SPORTS BETTING WAS banned by the federal government in 1992 with the Professional and Amateur Sports Protection Act (PASPA). Four states were grandfathered in, but only Nevada was permitted to have widespread sports wagering. Coincidentally, PASPA was also spearheaded by a New Jersey politician, former New York Knicks great Bill Bradley, a U.S. senator. At the time, the NBA's Stern was a strong supporter of the bill.
Citing PASPA, the District Court of New Jersey overturned the law Christie signed three years ago. It was upheld by the 3rd Circuit Court of Appeals in Philadelphia last year by a 2-1 vote, the majority again citing PASPA.
But last summer, the Supreme Court agreed to hear New Jersey's final appeal. The issue before the court is not about gambling policy. Instead it's a test of the 10th Amendment, which guarantees states the rights to make laws that are not delegated by the Constitution.
In 2016, the Supreme Court overturned 79 percent of the cases it picked to hear, including both cases from the 3rd Circuit. So even getting the case picked up by the court marked a turn in fortunes for New Jersey.
The court is expected to rule by the late spring or early summer. The scope of the decision could determine whether other states could immediately follow New Jersey's lead. Mississippi and Connecticut are two that have taken legislative steps to do so.
The oral argument pits two heavyweight attorneys against each other. The leagues have hired Paul Clement, who has argued more than 80 cases in front of the Supreme Court and successfully represented the NFL against Tom Brady. New Jersey is led by Ted Olson, who famously won the Bush v. Gore case in the Supreme Court to settle the 2000 presidential election.
"It's like Ali vs. Frazier," Wallach said. "People will be lining up the night before to get in to see it."
William Hill, the British bookmaker that also operates in Nevada, is so convinced New Jersey will eventually win that it spent $1 million on a sportsbook facility at Monmouth Park, a short drive from New York City. It's idling as a restaurant at the moment but could be in position to come online quickly. If the court rules in New Jersey's favor, fans could be making bets on the NBA playoffs there next spring.

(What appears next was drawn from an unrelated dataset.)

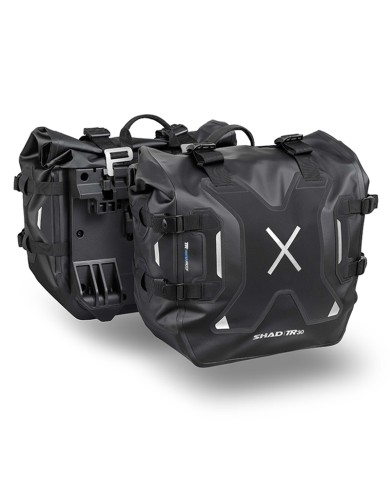 ALFORJAS LATERALES SHAD TERRA ADVENTURE TR30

Last month, MGM International announced it was building a $7 million sportsbook facility at the Borgata Casino in Atlantic City ahead of a potential favorable ruling.
"I've got it at a 4-to-1 favorite the court overturns PASPA," said Jimmy Vaccaro, who is the director of sports marketing at South Point Casino in Las Vegas and has been a bookmaker for the past 40 years. "There's a decent chance we're going to have expanded sports betting by the 2018 football season."

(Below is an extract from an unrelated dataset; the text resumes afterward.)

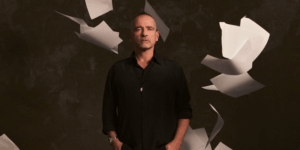 Eros Ramazzotti estrena disco en es lo mazzz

All these ventures come with the belief that sports betting will eventually be supported by the White House. President Donald Trump is a former casino owner in New Jersey, but his administration is against New Jersey in the upcoming case. Trump's solicitor general, Noel Francisco, has been granted 10 minutes of oral argument time to present the government's position in front of the Supreme Court.
Trump has said he wants to talk to the commissioners of the sports leagues before endorsing a change to the laws.

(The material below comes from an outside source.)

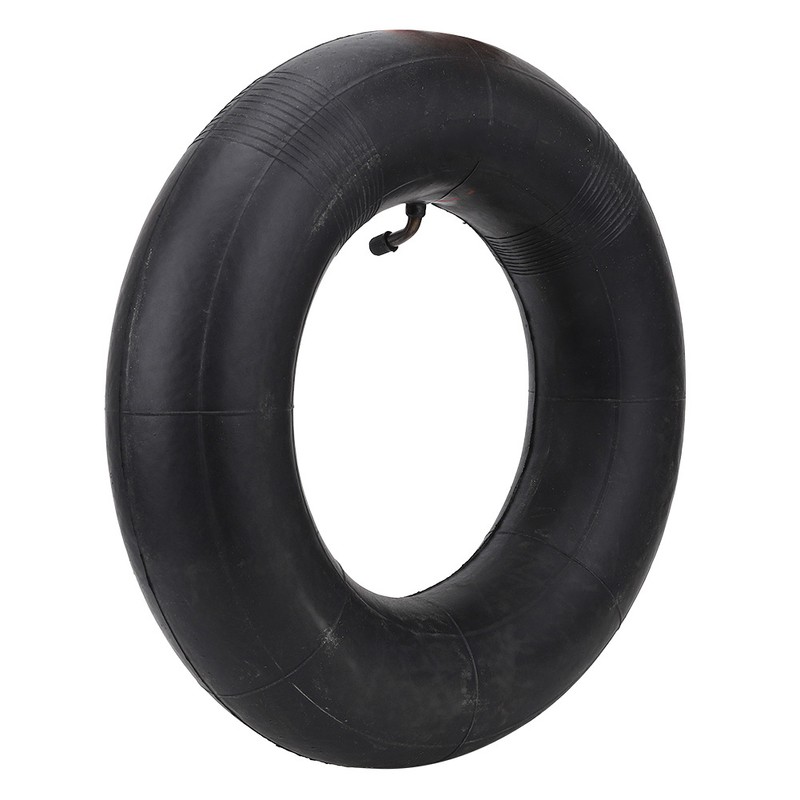 Tool Trolley Inflatable Inner Tube Rubber 4.00-8 Wear Resistant Air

"We wouldn't do it lightly, I can tell you," Trump said earlier this year. "It will be studied very carefully. But I would want to have a lot of input from a lot of different people."
One of those people might be Christie, who famously campaigned with Trump last year. The governor said he hasn't spoken to the president on the matter, but if this case goes the way he believes, he won't need assistance from Trump to make a bet next fall.
"I would love to go to Monmouth Park and be able to place an early bet on the Dallas Cowboys," said Christie, a friend of Cowboys owner Jerry Jones. "If the betting line was favorable."